_Data_
┌──

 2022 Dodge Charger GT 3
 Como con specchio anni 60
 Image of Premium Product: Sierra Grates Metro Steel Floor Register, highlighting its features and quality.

└──
┌──

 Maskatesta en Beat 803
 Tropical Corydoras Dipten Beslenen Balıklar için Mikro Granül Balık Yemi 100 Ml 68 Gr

└──

Out of the data above, set down the lines from the one with "Maskatesta en Beat 803" to the one with "Tropical Corydoras Dipten", both included, exactly as written and with no additions.

_Task response_
 Maskatesta en Beat 803
 Tropical Corydoras Dipten Beslenen Balıklar için Mikro Granül Balık Yemi 100 Ml 68 Gr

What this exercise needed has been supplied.